Featured Album ReviewS
Up The Hill And Through The Fog – self released (2022)
The Slocan Ramblers
This is the fourth release of The Slocan Ramblers. The 2020 Momentum Band Of The Year (IBMA) has grown far and above that. This new album hits the nail on the head! Twelve tracks in every color of bluegrass and a superb Tom Petty cover are carrying us through the microcosm of the band. The 2022 band is Frank Evans: banjo, vocals – Darry Poulsen: guitar, vocals – Adrian Gross: mandolin, vocals. Supported by Charles James: bass. And all of the three main members write songs and sing lead.
This album was written during the pandemic and the lyrics reflect a lot of the insufficiency we all experienced. Two of the band members even lost family members during this time. Take a good listen to the opener 'I Don't Know' or the beautiful 'The River Roaming Song'. Both are powerful examples of turning a personal experience into a universal feeling we all can relate to. Transported by powerful and uplifting bluegrass music.
The band knows their way around bluegrass music history. They know it so well that it all seems so effortless. Their musical vocabulary is so big that all of them can easily form their musical sentences and take them in their very own direction. It's new bluegrass on the fertile ground of tradition. The last track 'Bring Me Down Low' might be the best example of what I mean. It has an almost pop-like melody surrounded by a great up-tempo bluegrass drive and is introduced with an awesome mandolin lick. With great singing, tight harmonies in the chorus and well-tempered breaks.

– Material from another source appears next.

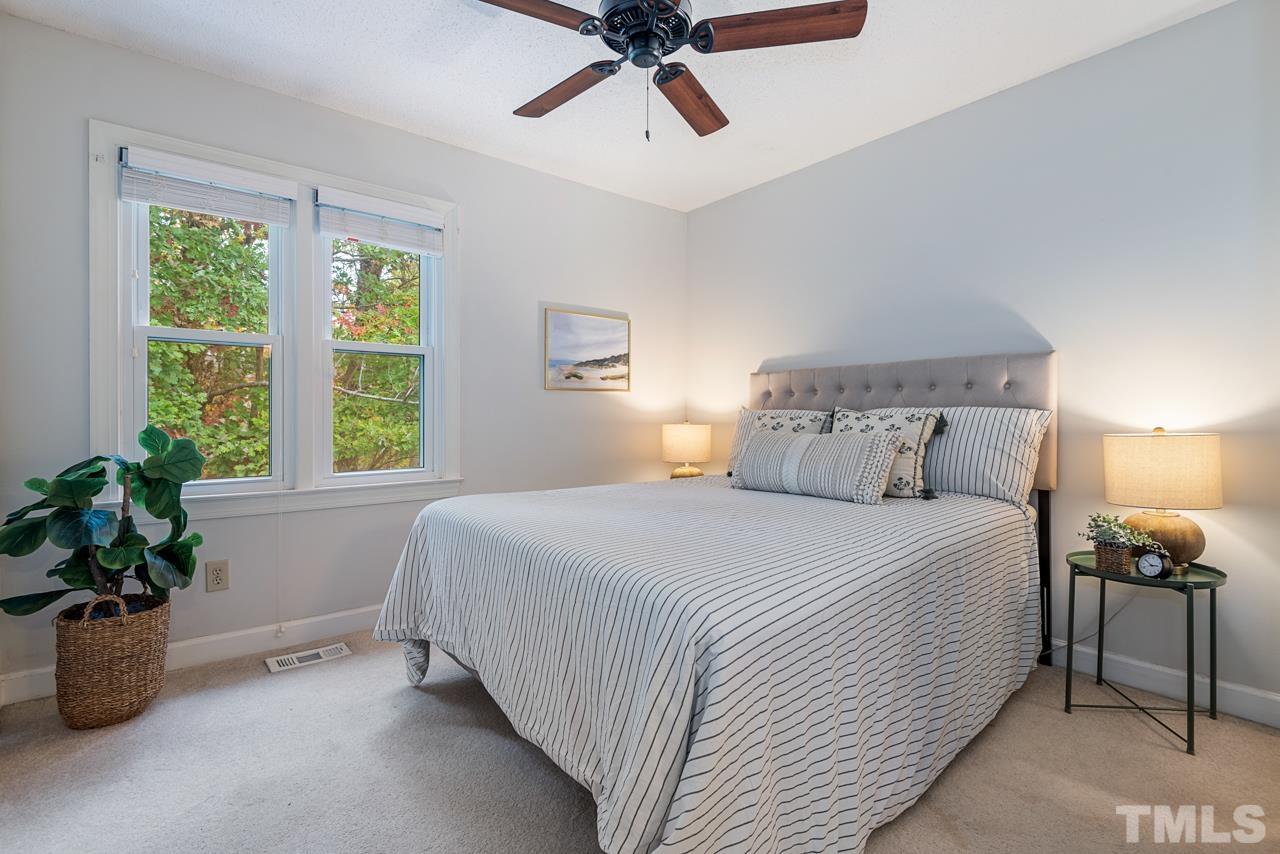 4109 Settlement Drive Durham, NC 27713 - Photo 26 of 31 a bedroom with a large bed and a potted plant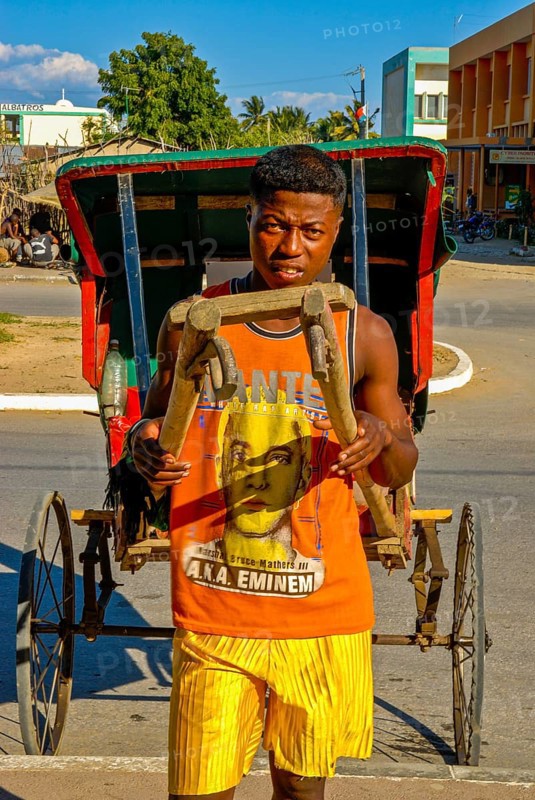 Man running with his walking rickshaw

One of my absolute favorites though is 'You Said Goodbye' by guitar player Darryl Poulsen. This is bluegrass in overdrive … it's a really fun ride. Simple, straightforward, up-tempo, sad and funny all at the same time. One can easily imagine hearing this at any festival. I should also mention the instrumental tunes on this album. 'Snow Owl', is a mid-tempo mandolin tune with kind of a melancholic chord progression, and the banjo tune 'Platform Four' with an old-timey clawhammer vibe. Followed up by the 'Streetcar Lullaby' waltz, which is taking you down a whole different track. Last but not least their great take on Tom Petty's 'A Mind With A Heart Of Its Own' from the Full Moon Fever album. It almost seems to be the theme song for what the band had in mind when they were recording their very own yet universal version of a bluegrass record.
This album hits the mark, all at once making me think and laugh and tap my toes. This album buries my troubles.
Severin Theinert for
Heartache And Trouble – Engelhardt Music Group (2022)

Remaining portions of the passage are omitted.